## Filter Columns with None or Null Values


### the dataframes contains many NULL/None values in columns, in many of the cases before
performing any of the operations of the dataframe firstly we have to handle the NULL/None
values in order to get the desired result or output, we have to filter those NULL values from
the dataframe.
df.filter(condition) : This function returns the new dataframe with the values which
satisfies the given condition.
df.column_name.isNotNull() : This function is used to filter the rows that are not NULL/None
in the dataframe column.


In [1]:
import pyspark
from pyspark.sql import *
from pyspark.sql.functions import col,lit
from pyspark import SQLContext
from pyspark.sql import SparkSession
spark = SparkSession.builder.config("spark.driver.host", "localhost").appName("SparkByExamples.com").getOrCreate()
conf = pyspark.SparkConf()
spark_context = SparkSession.builder.config(conf=conf).getOrCreate()

In [15]:
import pyspark.sql.functions as F
import pyspark.sql.types as T
from pyspark.sql.types import StructType,StructField,StringType,IntegerType


In [16]:
data2 = [("Pulkit", 12, "CS32", 82, "Programming"),
("Ritika", 20, "CS32", 94, "Writing"),
("Atirikt", 4, "BB21", 78, None),
("Reshav", 18, None, 56, None)
]
spark = SparkSession.builder.appName("Student_Info").getOrCreate()
schema = StructType([
StructField("Name", StringType(), True),
StructField("Roll Number", IntegerType(), True),
StructField("Class ID", StringType(), True),
StructField("Marks", IntegerType(), True),
StructField("Extracurricular", StringType(), True)
])
df = spark.createDataFrame(data=data2, schema=schema)

In [17]:
df.na.drop(how="any").show(truncate=False)

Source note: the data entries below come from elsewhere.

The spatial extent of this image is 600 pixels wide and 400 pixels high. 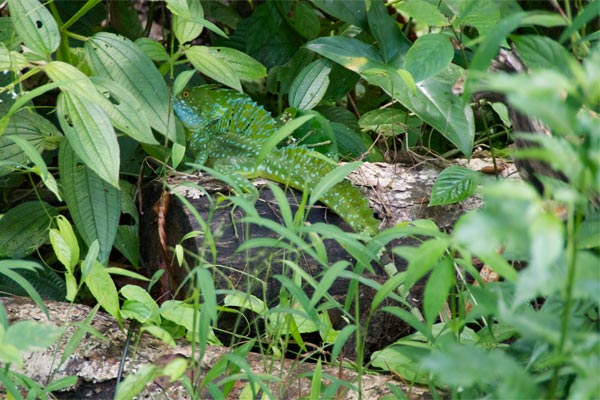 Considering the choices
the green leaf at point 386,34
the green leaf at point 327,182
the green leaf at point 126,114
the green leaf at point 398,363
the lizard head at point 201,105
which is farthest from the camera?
the lizard head at point 201,105

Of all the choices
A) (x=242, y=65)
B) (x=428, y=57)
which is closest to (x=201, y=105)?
(x=242, y=65)

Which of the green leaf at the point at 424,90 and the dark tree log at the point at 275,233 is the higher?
the green leaf at the point at 424,90

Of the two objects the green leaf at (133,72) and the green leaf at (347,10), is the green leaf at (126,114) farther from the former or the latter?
the green leaf at (347,10)

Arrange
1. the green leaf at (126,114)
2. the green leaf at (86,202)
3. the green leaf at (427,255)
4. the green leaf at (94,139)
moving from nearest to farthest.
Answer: the green leaf at (427,255)
the green leaf at (94,139)
the green leaf at (126,114)
the green leaf at (86,202)

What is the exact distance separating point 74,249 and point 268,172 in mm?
835

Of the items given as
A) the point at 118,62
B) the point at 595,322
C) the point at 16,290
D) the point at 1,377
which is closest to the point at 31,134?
the point at 118,62

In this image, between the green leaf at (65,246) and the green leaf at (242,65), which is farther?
the green leaf at (242,65)

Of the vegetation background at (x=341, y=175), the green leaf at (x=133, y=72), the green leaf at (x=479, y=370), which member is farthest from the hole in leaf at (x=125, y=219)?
the green leaf at (x=479, y=370)

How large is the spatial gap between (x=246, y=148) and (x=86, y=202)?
2.17 feet

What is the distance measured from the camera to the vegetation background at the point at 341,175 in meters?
0.91

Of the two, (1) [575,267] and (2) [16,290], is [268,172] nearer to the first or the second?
(2) [16,290]

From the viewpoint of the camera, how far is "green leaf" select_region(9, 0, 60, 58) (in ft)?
6.77

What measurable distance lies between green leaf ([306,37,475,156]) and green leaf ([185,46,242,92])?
422mm

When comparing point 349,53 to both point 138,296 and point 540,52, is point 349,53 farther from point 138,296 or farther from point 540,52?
point 540,52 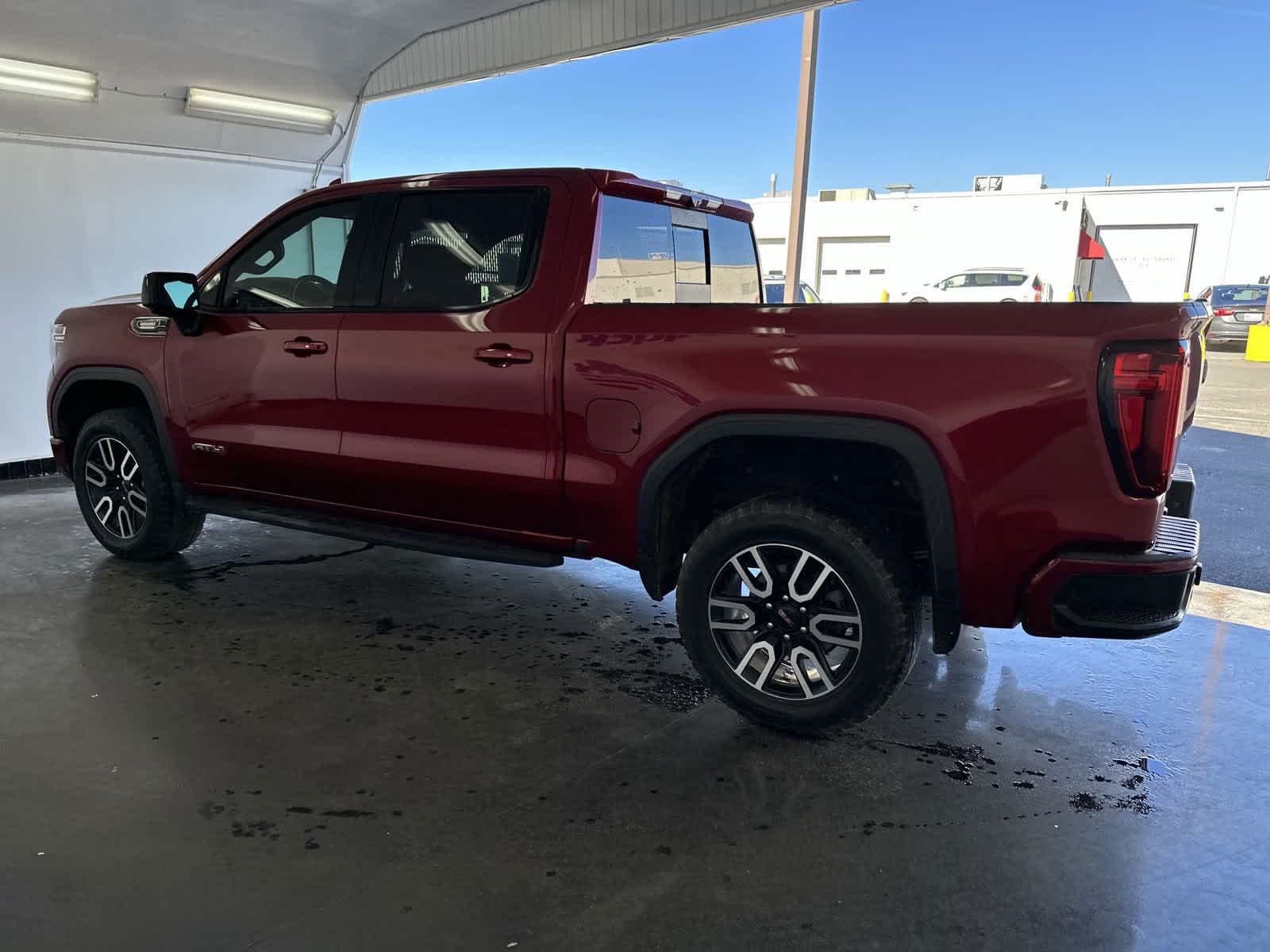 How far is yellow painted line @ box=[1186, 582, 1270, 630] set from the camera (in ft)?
14.8

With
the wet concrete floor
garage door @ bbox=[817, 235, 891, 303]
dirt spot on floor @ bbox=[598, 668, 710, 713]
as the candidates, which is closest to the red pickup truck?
dirt spot on floor @ bbox=[598, 668, 710, 713]

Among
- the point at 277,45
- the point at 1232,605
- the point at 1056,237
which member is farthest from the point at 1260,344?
the point at 277,45

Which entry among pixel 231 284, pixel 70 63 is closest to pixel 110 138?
pixel 70 63

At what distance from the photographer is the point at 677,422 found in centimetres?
308

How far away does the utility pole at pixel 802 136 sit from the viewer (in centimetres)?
1199

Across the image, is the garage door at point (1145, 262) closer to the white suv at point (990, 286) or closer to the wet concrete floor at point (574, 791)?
the white suv at point (990, 286)

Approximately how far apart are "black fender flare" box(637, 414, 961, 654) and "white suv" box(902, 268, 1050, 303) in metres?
21.3

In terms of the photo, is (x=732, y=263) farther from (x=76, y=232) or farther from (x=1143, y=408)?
(x=76, y=232)

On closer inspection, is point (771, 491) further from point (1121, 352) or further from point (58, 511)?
point (58, 511)

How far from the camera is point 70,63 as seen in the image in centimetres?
631

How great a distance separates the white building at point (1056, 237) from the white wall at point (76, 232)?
82.8 feet

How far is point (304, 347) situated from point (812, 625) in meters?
2.46

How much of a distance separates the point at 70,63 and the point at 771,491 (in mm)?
5973

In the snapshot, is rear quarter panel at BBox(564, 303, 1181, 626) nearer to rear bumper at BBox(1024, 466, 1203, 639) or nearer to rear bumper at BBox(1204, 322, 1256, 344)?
rear bumper at BBox(1024, 466, 1203, 639) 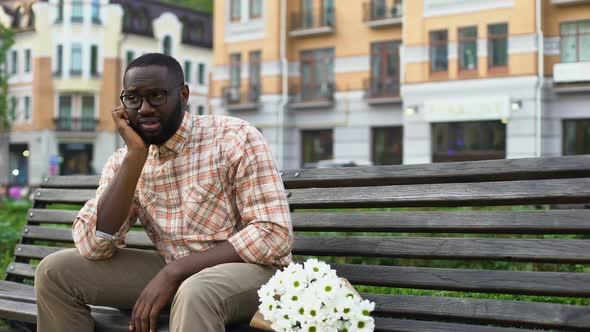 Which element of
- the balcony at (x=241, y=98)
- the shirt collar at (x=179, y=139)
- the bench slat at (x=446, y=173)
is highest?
the balcony at (x=241, y=98)

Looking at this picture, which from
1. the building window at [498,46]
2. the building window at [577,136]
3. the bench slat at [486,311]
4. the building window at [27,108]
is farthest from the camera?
the building window at [27,108]

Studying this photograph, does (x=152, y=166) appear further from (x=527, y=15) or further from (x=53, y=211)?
(x=527, y=15)

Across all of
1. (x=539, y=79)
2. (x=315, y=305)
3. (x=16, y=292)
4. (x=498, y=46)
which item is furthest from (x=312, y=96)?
(x=315, y=305)

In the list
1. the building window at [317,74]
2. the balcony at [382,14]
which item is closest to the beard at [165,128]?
the balcony at [382,14]

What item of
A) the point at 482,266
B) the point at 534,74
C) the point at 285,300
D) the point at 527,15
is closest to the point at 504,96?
the point at 534,74

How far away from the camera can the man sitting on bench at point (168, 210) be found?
8.73 ft

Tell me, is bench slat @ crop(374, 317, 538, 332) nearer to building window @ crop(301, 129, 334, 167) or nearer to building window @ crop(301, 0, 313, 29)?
building window @ crop(301, 129, 334, 167)

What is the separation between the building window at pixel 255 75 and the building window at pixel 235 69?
53cm

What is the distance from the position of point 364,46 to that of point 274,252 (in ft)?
81.0

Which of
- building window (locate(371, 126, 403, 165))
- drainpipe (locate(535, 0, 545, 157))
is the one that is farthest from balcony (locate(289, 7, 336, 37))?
drainpipe (locate(535, 0, 545, 157))

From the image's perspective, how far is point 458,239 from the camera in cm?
277

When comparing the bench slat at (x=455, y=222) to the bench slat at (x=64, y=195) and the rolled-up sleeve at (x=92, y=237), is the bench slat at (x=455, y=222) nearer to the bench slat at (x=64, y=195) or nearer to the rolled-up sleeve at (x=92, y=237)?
the rolled-up sleeve at (x=92, y=237)

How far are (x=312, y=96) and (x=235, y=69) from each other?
3344 mm

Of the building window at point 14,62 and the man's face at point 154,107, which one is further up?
the building window at point 14,62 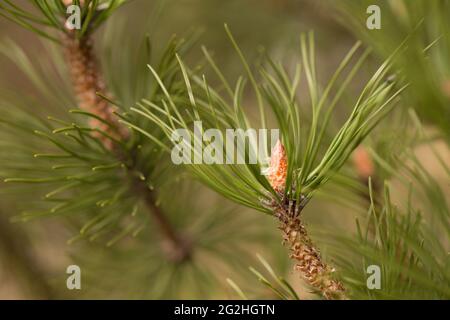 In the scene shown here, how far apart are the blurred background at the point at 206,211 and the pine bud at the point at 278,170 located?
0.11 meters

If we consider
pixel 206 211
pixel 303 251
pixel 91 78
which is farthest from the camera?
pixel 206 211

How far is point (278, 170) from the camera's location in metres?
0.36

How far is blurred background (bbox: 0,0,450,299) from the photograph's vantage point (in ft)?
1.88

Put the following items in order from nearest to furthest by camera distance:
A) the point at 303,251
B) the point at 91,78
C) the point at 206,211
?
the point at 303,251 → the point at 91,78 → the point at 206,211

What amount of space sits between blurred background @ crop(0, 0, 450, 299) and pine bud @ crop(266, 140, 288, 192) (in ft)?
0.34

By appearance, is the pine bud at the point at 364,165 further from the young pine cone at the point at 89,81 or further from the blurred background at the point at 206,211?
the young pine cone at the point at 89,81

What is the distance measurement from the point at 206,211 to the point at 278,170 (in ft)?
0.95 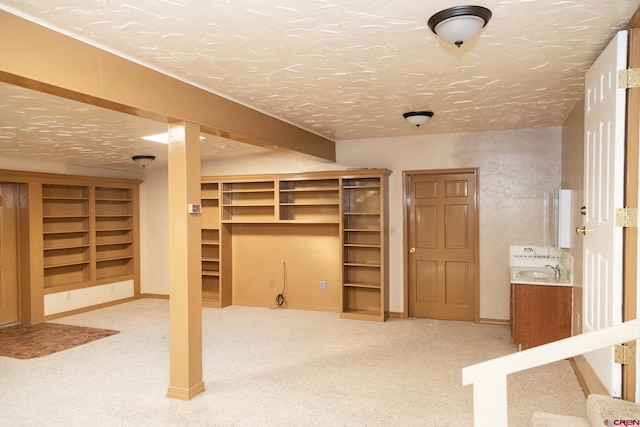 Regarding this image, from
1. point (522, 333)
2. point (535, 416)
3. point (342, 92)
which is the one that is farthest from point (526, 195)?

+------+-----------+--------+-----+---------------+
|Name  |Roll Number|Class ID|Marks|Extracurricular|
+------+-----------+--------+-----+---------------+
|Pulkit|12         |CS32    |82   |Programming    |
|Ritika|20         |CS32    |94   |Writing        |
+------+-----------+--------+-----+---------------+



In [18]:
actor_data = [
("James", None, "Bond", "M", 6000),
("Michael", None, None, "M", 4000),
("Robert", None, "Pattinson", "M", 4000),
("Natalie", None, "Portman", "F", 4000),
("Julia", None, "Roberts", "F", 1000)
]
actor_schema = T.StructType([
T.StructField("firstname", T.StringType(), True),
T.StructField("middlename", T.StringType(), True),
T.StructField("lastname", T.StringType(), True),
T.StructField("gender", T.StringType(), True),
T.StructField("salary", T.IntegerType(), True)
])
df = spark.createDataFrame(data=actor_data, schema=actor_schema)
df.show(truncate=False)

+---------+----------+---------+------+------+
|firstname|middlename|lastname |gender|salary|
+---------+----------+---------+------+------+
|James    |NULL      |Bond     |M     |6000  |
|Michael  |NULL      |NULL     |M     |4000  |
|Robert   |NULL      |Pattinson|M     |4000  |
|Natalie  |NULL      |Portman  |F     |4000  |
|Julia    |NULL      |Roberts  |F     |1000  |
+---------+----------+---------+------+------+



In [19]:
import pyspark.sql.functions as F
null_counts = df.select([F.count(F.when(F.col(c).isNull(), c)).alias(
c) for c in df.columns]).collect()[0].asDict()
print(null_counts)

{'firstname': 0, 'middlename': 5, 'lastname': 1, 'gender': 0, 'salary': 0}


In [20]:
df_size = df.count()

In [21]:
to_drop = [k for k, v in null_counts.items() if v == df_size]
print(to_drop)

['middlename']


In [22]:
output_df = df.drop(*to_drop)
output_df.show(truncate=False)

+---------+---------+------+------+
|firstname|lastname |gender|salary|
+---------+---------+------+------+
|James    |Bond     |M     |6000  |
|Michael  |NULL     |M     |4000  |
|Robert   |Pattinson|M     |4000  |
|Natalie  |Portman  |F     |4000  |
|Julia    |Roberts  |F     |1000  |
+---------+---------+------+------+